The modern-day virtue signaler may say that conflict should be avoided at all costs. To ensure that no harm is ever done in any way, shape, or form.
But are we using compassion correctly?
Or are we just delaying conflict and calling it compassion? Are we creating an environment that will end up being more violent and conflict-prone by not addressing it early?
That would definitely be considered anti-courageous. And I would argue that it is also anti-compassionate. Because you are avoiding conflict based on your own beliefs instead of that feeling of empathy toward others.
It turns into being compassionate for the simple sake of being self-idolized. Which is selfish, and does not quite fit the description of “feeling empathy for the suffering of others”.
Political Ties to Idiot Compassion
Naturally, I couldn’t help seeing this topic in a political light.
Those who are called “bleeding-heart liberals” tend to be considered compassionate. They claim to care for the environment, for the poor, for the disadvantaged, and so on.
But I have to wonder: is this actually based on the virtue of compassion? Do they actually feel this sympathy for the sufferings of others? Or is it merely a self-idolizing moral code they invented in their head?
From a political standpoint, I’m not quite sure.
Typically, the stance of the bleeding-hearts is against killing (unless it’s abortion, then it’s fine to slaughter millions apparently). As we have seen, they tend to be against war and conflict, even in relation to terrorism. But only sometimes, unless it’s a war they like.
They believe that groups like Al-Qaeda and the Islamic State should be dealt with by means other than violence.
One could construe this as compassionate.
Simply look at it through the eyes of a bleeding-heart: The people that align with these terrorist groups are disadvantaged and grew up with resentment toward foreign involvement.
Bleeding hearts seek to be empathetic toward this plight, and do not want to cause violence on what they perceive as someone that is suffering.
However, I’m not sold about this viewpoint or its relation to compassion.
One that would be truly compassionate should be so toward all those deemed suffering.
Would the innocent Christians being slaughtered by these terrorist groups not be considered suffering?
As I said above: it’s delaying conflict and calling it compassion.
Even by giving innumerable amounts of aid to these Christian groups, they still will be under constant threat of terrorism by militant Islam. Look up VOM and see the truth about Christians that are forced to live by radical Muslims.

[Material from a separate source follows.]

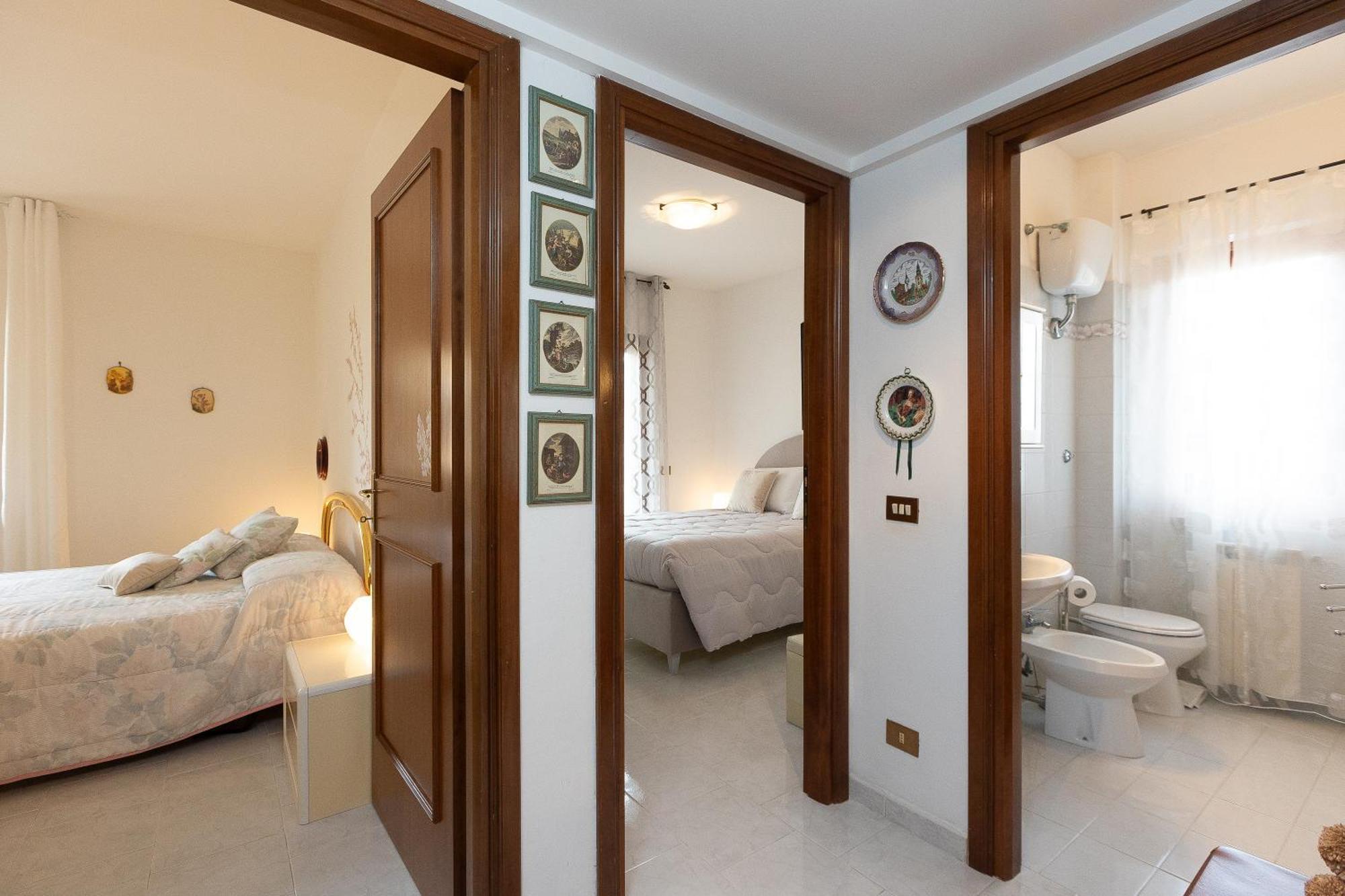 Casa Lu By Rental In Rome ลาดิสโปลี ภายนอก รูปภาพ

The only way to show compassion to the actual victims (the innocent: non-aggressive Christians) is to aid them in their fight. To stop the killings through compassionate and justifiable force. Righteous retaliation and self-defense.
We can’t have two sides of the same coin.

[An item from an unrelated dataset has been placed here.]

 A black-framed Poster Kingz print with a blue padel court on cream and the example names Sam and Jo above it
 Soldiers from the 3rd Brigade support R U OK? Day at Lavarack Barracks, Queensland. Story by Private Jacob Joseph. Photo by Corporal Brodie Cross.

Just as we couldn’t help the schizophrenic and not instigate aggression; we also cannot help the Christians without instigating aggression. Sometimes this is required.
This is why I believe that there has been a steady rise of “idiot compassion” in the West.

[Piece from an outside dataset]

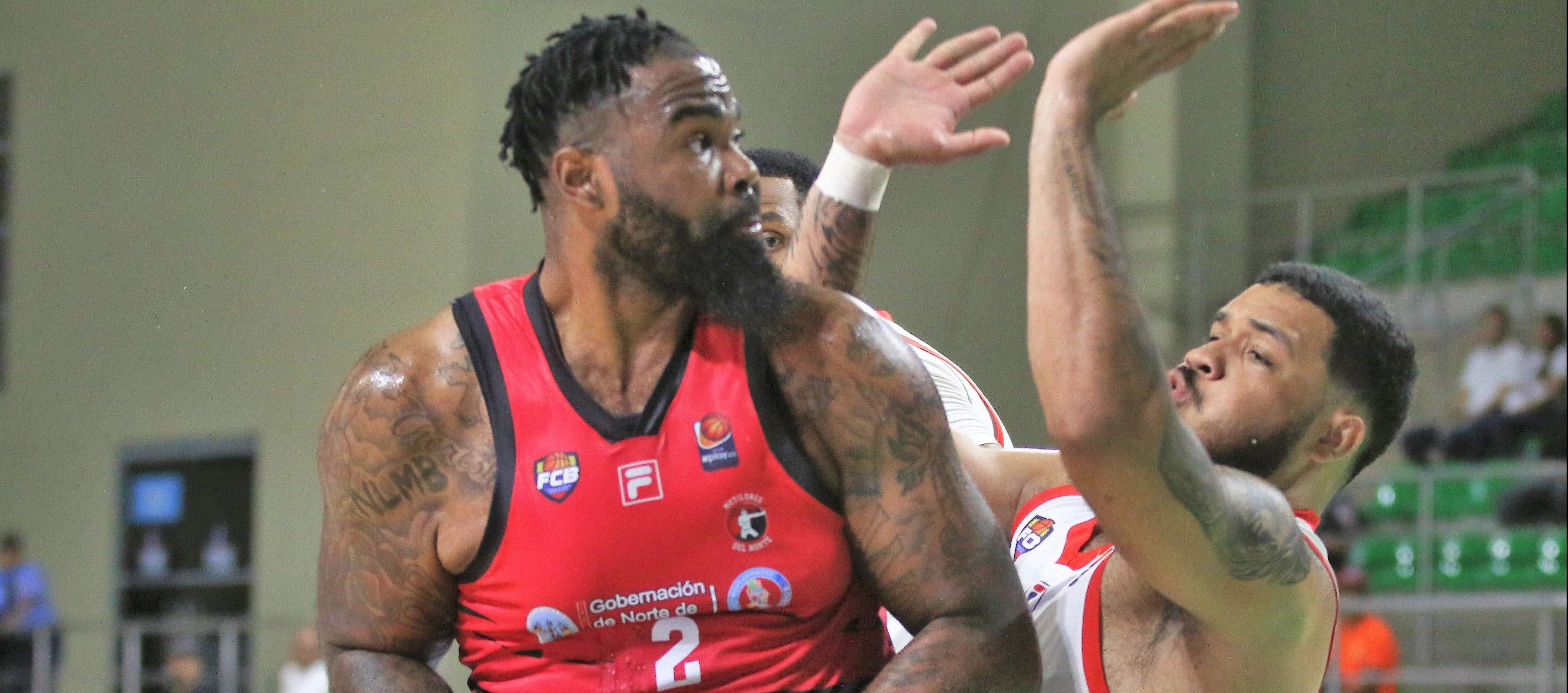 Soren De Luque intenta bloquear a Travio Leonard, de Motilones del Norte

To be compassionate, you have to have an un-ending drive toward sympathy for those suffering.
It means you have to sometimes be extremely courageous and make difficult decisions.
And it means that you have to have a strong moral conviction to end that suffering.
We can’t have it both ways. We can’t claim to be compassionate while simultaneously giving a pass to those who make others suffer.
You must first be strong to be merciful and meek. Otherwise, it is simply weakness.
One should never want to do harm, but one should be able too if it will end the needless suffering.
Otherwise, it’s idiot compassion and nothing else.
And idiot compassion lacks courage, because it assumes that “being nice” and tolerant are the highest qualities we should adhere to.
When in reality, we should adhere to being active and courageous in the face of suffering no matter how we must respond, so that it may cease.